Kedua, transaksi sebesar Rp 47 triliun berkaitan transaksi yang melibatkan pegawai Kemenkeu dengan pihak lain. Serta ketiga, transaksi senilai Rp 267,7 triliun berupa surat-surat yang dikirimkan Kemenkeu ke perusahaan dengan nilai transaksi sebesar Rp 253,5 triliun dan surat-surat yang dikirimkan APH ke perusahaan dengan nilai transaksi sebesar Rp 14,1 triliun.
Pihak Kemenkeu telah melakukan sejumlah tindakan penegakan hukum dan disiplin. Khususnya terkait transaksi senilai Rp 3,3 triliun yang oleh Kemenkeu dijelaskan melibatkan pegawai Kemenkeu dalam rentang tahun 2009-2023 dan transaksi senilai Rp 253,5 triliun atas surat-suratnya yang telah dikirimkan Kemenkeu ke perusahaan.
Sebanyak 348 pegawai telah dijatuhi sejumlah hukuman dengan jenis yang beragam. Hukuman disesuaikan dengan tingkat kesalahannya masing-masing terkait dengan transaksi senilai Rp 3,3 triliun dan sebanyak 24 pegawai dijatuhi hukuman terkait dengan transaksi senilai Rp 253,5 triliun.
Gap Penyajian
Terlihat perbedaan dari klarifikasi data yang disajikan antara PPATK dan Kemenkeu. Baik pada level pembagian nominalnya dari total transaksi senilai Rp 349 triliun, maupun penamaan atau nomenklaturnya.
Terlihat pihak Kemenkeu lebih merinci dari klarifikasi data ketimbang PPATK. Namun paparan keduanya menyisakan pertanyaan soal mengapa tidak dilakukan konsolidasi data terlebih dahulu ke dalam menyangkut klasifikasi dalam membagi tipologi kasusnya dari total transaksi Rp 349 triliun tersebut.
Perbedaan klarifikasi, jumlah, dan nomenklatur ini menyulitkan terbentuknya data tunggal sebagai pegangan. Baik untuk kepentingan internal pemerintah sendiri, apalagi untuk pihak lain seperti DPR atau aparat penegak hukum.
Saya mengharapkan Komite TPPU membereskan ke dalam terlebih dahulu berupa konsolidasi data secara rinci.
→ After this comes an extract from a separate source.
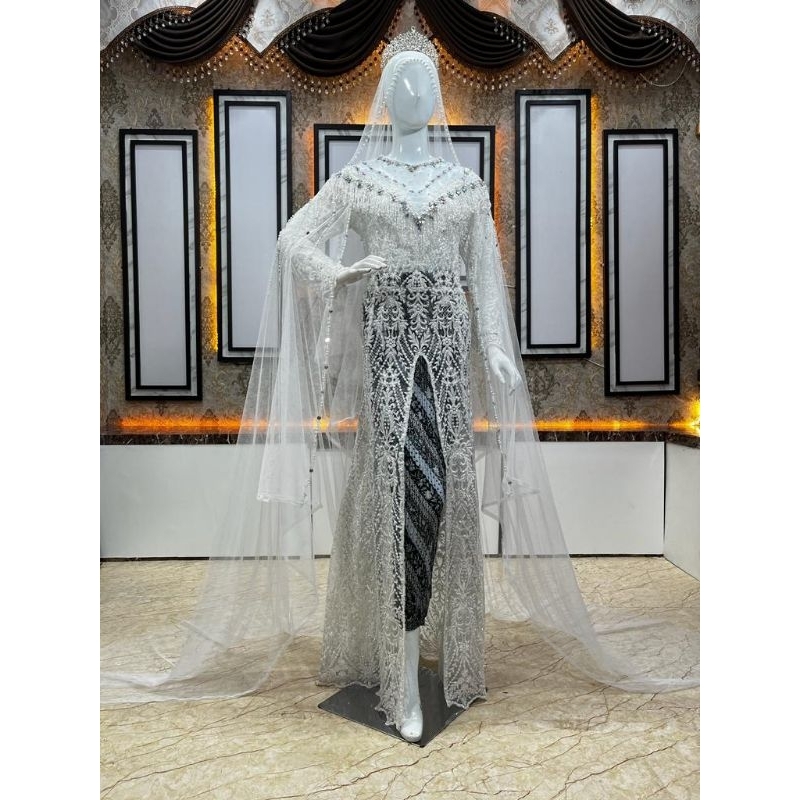 KEBAYA AKAD ELISAP FULL PAYET/KEBAYA JUBAH/KEBAYA MODREN/GAUN PENGANTEN/KEBAYA TERBARU/STELAN AKAD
Sehingga lahir satu kesepahaman di antara seluruh anggota Komite TPPU dalam membagi dan merinci transaksi Rp 349 triliun. Kesepahaman ini sangat penting agar memudahkan para pihak melakukan langkah-langkah tindak lanjut.
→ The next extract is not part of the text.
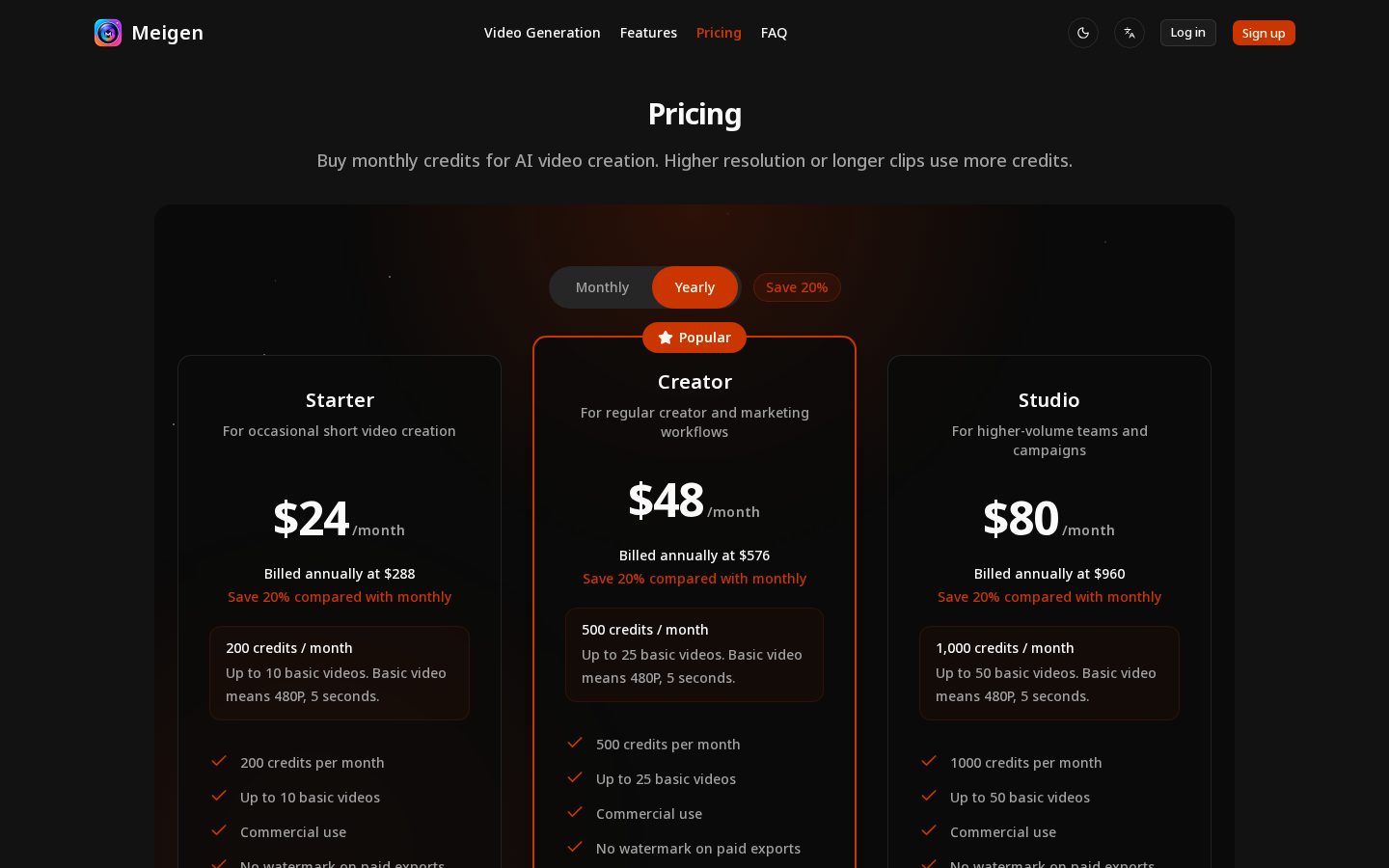 Meigen AI Video Generator Pricing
Kita tidak ingin karena tidak terbangunnya kesepahaman di internal Komite TPPU membuat isu transaksi Rp 349 triliun ini menjadi berlarut-larut. Bahkan berpotensi keluar dari konteks yang seharusnya dan menjadi komoditas politik.
Terlebih saat ini kita tengah memasuki tahun politik. Jika sudah masuk ke ranah politik, kasusnya sendiri juga berpotensi tidak terselesaikan dengan baik. Kita semua lebih sibuk berpolemik secara internal ketimbang mencari langkah-langkah produktif untuk mencari penyelesaian demi penyelamatan keuangan dan pendapatan negara.
Kita mengharapkan pendekatan kita dalam melihat persoalan ini tidak hanya memakai satu perspektif berdasarkan kewenangannya masing-masing. Jika casebuiliding-nya tidak cukup didekati dengan pidana perpajakan atau pelanggaran kepabeanan, sesungguhnya APH lainnya bisa mendekatinya dengan pintu pidana lainnya, seperti korupsi, pencucian uang, dan lain-lain.
Untuk bisa melakukan orkestrasi seperti ini dari Komite TPPU, maka mereka harus menyelesaikan problem dasarnya soal tafsir dan penyajian data. Sehingga ada data tunggal.
Sedihnya, internal Komite TPPU masih belum bisa menyajikan data tunggal sebagai rujukan bersama. Kita berharap hal ini bisa diselesaikan sesegera mungkin. Sehingga ketika Komite TPPU melakukan paparan ke DPR bisa lebih 'move on' dan menentukan langkah-langkah progresif dengan dukungan politik dari DPR. Semoga saja.